22-Dada2pipeline.Rmd

---
title: "DADA2 pipeline"
output: github_document
---

```{r}
library(Rcpp)
library(stats)
library(dada2)
library(ggplot2)
```

# Dada2 pipeline

## Get Data

```{r}
git_ignore_path <- "BioinformaticsPractice/.gitignore"
path <- "BioinformaticsPractice/.gitignore/MiSeq_SOP"
list.files(path)
```
These are 16s rRNA gene from gut samples collected longitudinally from mouse.
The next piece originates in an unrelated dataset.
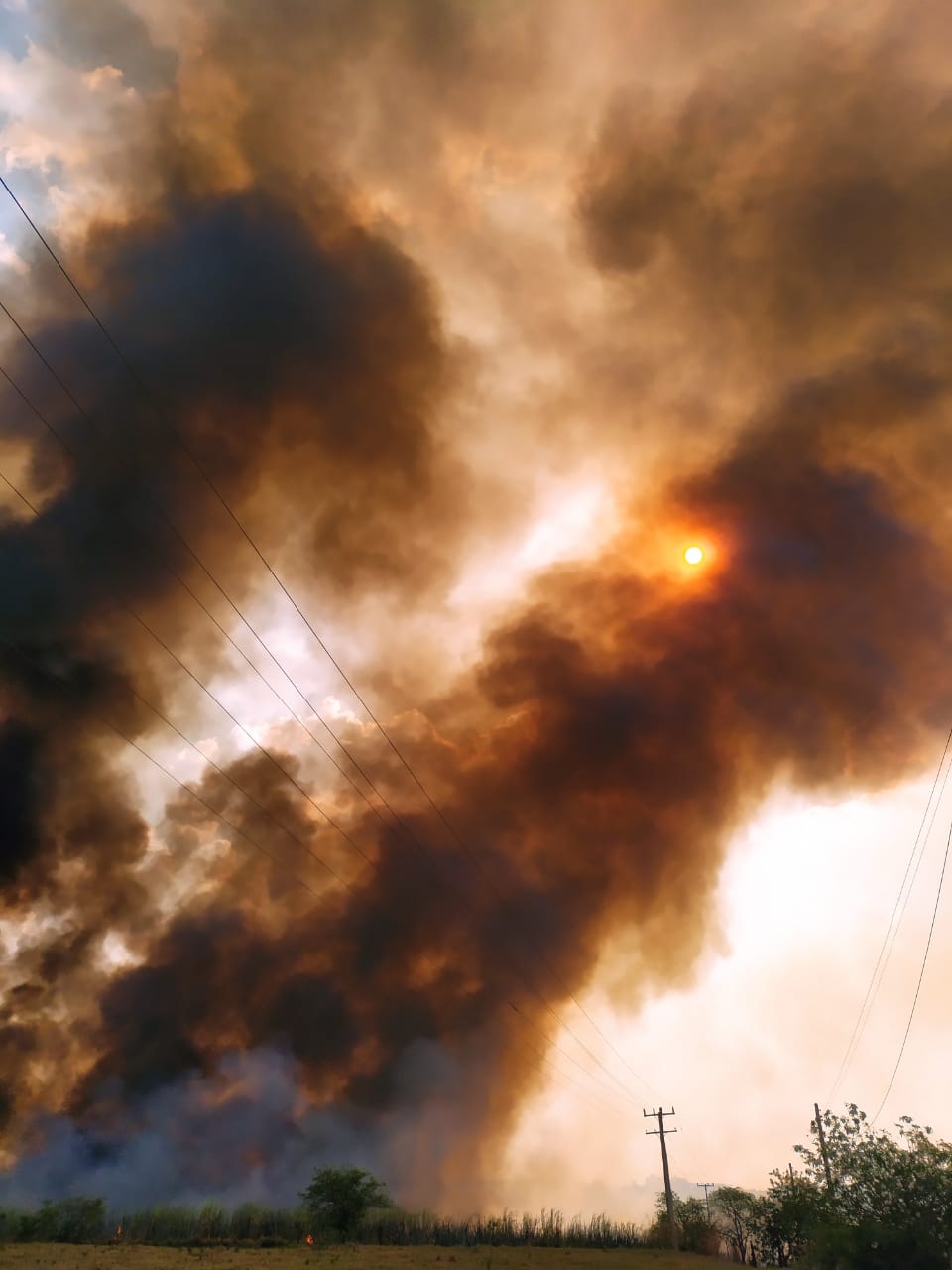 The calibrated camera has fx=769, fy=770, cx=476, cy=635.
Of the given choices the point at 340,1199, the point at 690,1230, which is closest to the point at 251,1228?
the point at 340,1199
Used Amplicon in V4 region

```{r}
# These are the forward reads of the data
fnFs <- sort(list.files(path, pattern = "_R1_001.fastq", full.names = TRUE))
# These are the reverse reads
fnRs <- sort(list.files(path, pattern = "_R2_001.fastq", full.names = TRUE))
sample.names <- sapply(strsplit(basename(fnFs), "_"), `[`, 1)
```

## Plot Quality profiles

Now you can plot the quality profiles by file names

For amplicon sequencing data, you usually aim for 10k+ reads, so the absolute amount of reads are not that large.
The Quality score is usually kept above 10 = 10% are not great
20 is 1% due to logarithmic scoring.

```{r}
p1 <- plotQualityProfile(fnFs[1:2])
```
You can see that the quality drops hard in the last 10 sequences
We can trim the seqeunce at 240 bp
You should check all the data before deciding.

```{r}
p1 + scale_x_continuous(limits = c(200, 250))
```
For the reverse datasets, we might have to trim over 100 basepairs at the end
We can trim the read to 160 bp for reverse reads.

```{r}
p2 <- plotQualityProfile(fnRs[1:2])
p2 + scale_x_continuous(limits = c(100, 250))
p2 + scale_x_continuous(limits = c(150, 200))
```

## Filter Data

```{r}
filtFs <- file.path(path, "filtered", paste0(sample.names, "_F_filt.fastq.gz"))
filtRs <- file.path(path, "filtered", paste0(sample.names, "_R_filt.fastq.gz"))
# the first 4 values are forward, forward filt, rev, rev filt
# trunc len is the length of each truncation on datasets. if shorter its discarded
# truncQ is 2. Truncates reads at the first instance of quality score less so it guarantees every bp to be higher quality
#rm.phiX removes all genes that match the phiX genome
# maxEE can influence the running speed of codes. with tighter EE, you get less reads. Relaxing maxEE, you get more reads.
# Max EE is the sum of numbers represented through quality score for instance quality score 10 -> 0.1 is added to maxEE
out <- filterAndTrim(fnFs, filtFs, fnRs, filtRs, truncLen=c(240,160),
              maxN=0, maxEE=c(2,2), truncQ=2, rm.phix=TRUE,
              compress=TRUE, multithread=FALSE)
head(out)
```
For ITS sequencing it is undesirable to use fix-length truncating due to the large length variation at that locus. Remember to take out trunclen in that case.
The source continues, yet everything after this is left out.